All right. Here's the opening, which is composed of Sagan's writing read by Emma Thompson as the space probe floats by:

That's home. That's us. On it everyone you love, everyone you know, everyone you ever heard of, every human being who ever was, lived out their lives. The aggregate of our joy and suffering, thousands of confident religions, ideologies, and economic doctrines, every hunter and forager, every hero and coward, every creator and destroyer of civilization... every saint and sinner in the history of our species lived there-on a mote of dust suspended in a sunbeam.

Think of the endless cruelties visited by the inhabitants of one corner of this pixel on the scarcely distinguishable inhabitants of some other corner...Think of the rivers of blood spilled by all those generals and emperors so that they could become the momentary masters of a fraction of a dot.

Our posturings, our imagined self-importance, the delusion that we have some privileged position in the Universe, are challenged by this point of pale light. Our planet is a lonely speck in the great enveloping cosmic dark. 
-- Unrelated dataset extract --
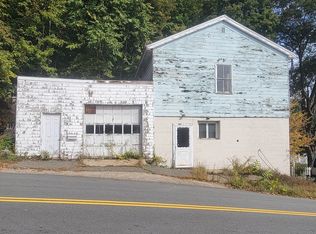 71 Madison St, Amesbury, MA 01913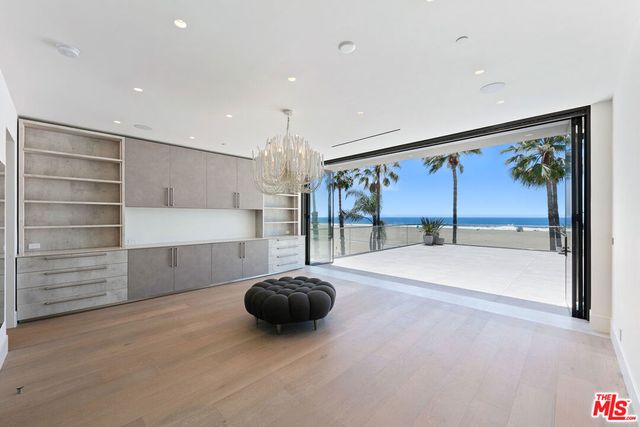 938 - 940 Palisades Beach Road, Santa Monica, CA 90403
In our obscurity, in all this vastness, there is no hint that help will come from elsewhere to save us from ourselves...

That's a pretty depressing way to start a Jason Bateman (Reitman) film, that's for damn sure. After 12 months of reflection, I think the point of the movie is that the technology that has allowed us to travel 4 billion miles into space to take a picture of Earth is the same technology that is destroying us and our ability to interact with each other.

But what I really got out of the movie was the same takeaway that Tim had when he quit the football team: none of it matters. Who cares if you are so freaking talented that you are a starting quarterback at 15? You are just one of many quarterbacks who is one of many people living on one of many planets in one of many galaxies in what they are now hypothesizing is one of NINE universes!



This movie made me search out Sagan's writing. Consider this quote:  “Look back again at the pale blue dot of the preceding chapter. Take a good long look at it. Stare at the dot for any length of time and then try to convince yourself that God created the whole Universe for one of the 10 million or so species of life that inhabit that speck of dust... If this doesn’t strike you as unlikely, pick another dot. Imagine it to be inhabited by a different form of intelligent life. They, too, cherish the notion of a God who has created everything for their benefit. How seriously do you take their claim?”

The obvious point here is that we should not take the claim seriously.

Carl Sagan was a brilliant astrophysicist. When I look at his words and I look at pictures from the Voyager expedition, I cannot help but be swayed. It does seem extremely unlikely that "help will come from elsewhere to save us." I envy people who believe in God despite the vastness of our universe(s) and the obscurity of our mote of dust. But have they just not seen the space probe images? Have they just not read Carl Sagan and Stephen Hawking? Is it merely easier to go along with what they've "always" believed and ignore new evidence?

I don't know. I wish I had faith. I miss having it. But for the last year I have not been able to shake the echo of Sagan's words:    We long for a Parent to care for us, to forgive us our errors, to save us from our childish mistakes. But knowledge is preferable to ignorance. Better by far to embrace the hard truth than a reassuring fable.